Friday, December 14, 2012

The Conversation -- privacy and paranoia







Director: Francis Ford Coppola, 1974 (R)


Everyone has heard of The Godfather trilogy and Apocalypse Now. These movies stand as towers in Francis Ford Coppola’s canon. But in the same year that he won the Oscar for Best Picture with The Godfather Part 2, he was also nominated for best picture for The Conversation (for which he also wrote the script). This little know film is a subtle thriller, a quiet tour-de-force that focuses on the singular character of Harry Caul (Gene Hackman), and his slow devolution from paranoia into madness. Surely Solomon’s words from the book of Ecclesiastes could apply here: “At the beginning their words are folly; at the end they are wicked madness” (Ecc. 10:13).

The film opens with an amazing extended zoom that begins high over a crowded square in San Francisco. Slowly the camera moves in until we can see characters in the square, especially a mime and a gray man in a transparent raincoat. The man is Caul, a foremost electronics surveillance expert, and he is tracking a young couple wondering in circles. With three different microphones trying to capture their conversation, Caul is directing his team, including Stan (John Cazale, The Deer Hunter) his partner.

As he later plays with the dials of his reel-to-reel equipment in his empty warehouse of an office, he begins to pick up on the conversation.
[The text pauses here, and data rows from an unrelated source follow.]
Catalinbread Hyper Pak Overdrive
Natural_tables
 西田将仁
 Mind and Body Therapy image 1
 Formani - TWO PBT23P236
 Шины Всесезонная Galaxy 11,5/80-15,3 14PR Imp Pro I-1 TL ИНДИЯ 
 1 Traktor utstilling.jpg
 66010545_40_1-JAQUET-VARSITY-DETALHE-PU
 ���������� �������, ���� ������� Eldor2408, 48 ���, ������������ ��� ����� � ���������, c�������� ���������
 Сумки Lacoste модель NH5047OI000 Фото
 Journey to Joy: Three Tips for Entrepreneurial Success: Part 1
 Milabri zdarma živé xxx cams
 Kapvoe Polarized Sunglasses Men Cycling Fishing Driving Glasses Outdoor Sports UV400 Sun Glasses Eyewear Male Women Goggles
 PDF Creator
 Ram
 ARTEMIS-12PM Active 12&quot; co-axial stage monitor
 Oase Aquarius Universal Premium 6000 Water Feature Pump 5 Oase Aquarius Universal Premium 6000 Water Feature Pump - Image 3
And as he does, Harry begins to suspect this couple is going to be murdered. Struggling with this job, he wants to give the tapes over to “the director”, the person who hired him for this gig. But instead, he meets the director’s assistant, Martin Stett (Harrison Ford), a man oozing menace. Harry is a quandary: he doesn’t know what to do.

Coppola has said that Caul is a chilling and pathetic character, And Hackman pulls of a near impossible feat: making an unlikable and intensely private man interesting. At one point, Caul declares, “I don’t have anything personal, nothing of value.” His apartment is devoid of personal paraphernalia, except his saxophone and statuettes (especially of Mother Mary). He has multiple locks, to keep people out. He distrusts Stan, keeping him in the dark about his electronics inventions. He has a mistress (Teri Garr), who doesn’t even know where he lives or what he does. He is pathologically afraid of letting anyone close, and he pays a price: loneliness.

Relationships require self-revelation. If we hide behind a wall of privacy, we push others away. Privacy is appropriate in its place, but we were made for relationships. We crave love. We are commanded to love others (Jn. 13:34). The Scriptures abound with commands to live with one another: forgiving (Eph. 4:32), serving (Gal. 5:13), encouraging (1 Thess. 5:11). However, when we retire into our prison of our privacy, we eliminate the possibility of being known. And by the end of the film, we still don’t really know Caul.

We do find out that Caul is a devout Catholic, driven as much by his guilt and shame as by his faith. He was involved in an earlier incident that led to murder, but he denied any responsibility. Now, he is haunted by those decisions and cannot determine a course of action. What does he know? Is there a clear murder plot? Or is it a misunderstanding? Worse yet, is it misinformation?

The Conversation carries a haunting jazz piano score that adds to the drama. There is little action in the current sense, although a clear moment of horror occurs that is reminiscent of Psycho. While Caul listens in from an adjoining room, he once more denies any responsibility in a set of actions redolent of a child: he turns on the TV to drown out any noise (and there are cartoons playing), he throws all the bedclothes in the corner, and then curls up in a fetal position in the bed.

As the film progresses, Caul’s privacy turns into voyeuristic paranoia. The only time he reveals anything about himself is in a dream to the young woman about to be killed. But when the tables are turned at the end, he loses both his faith and his mind. When he smashes his Mary figurine, he is metaphorically casting aside his trust in God. The final scene shows him once more playing his saxophone alone in a sea of devastation, a broken man.

This third act and final scene reminds us that when we give up on God we are giving up on everything. We may not descend into literal madness, but without God we will eventually descend into Hades (Rev. 20:13-13).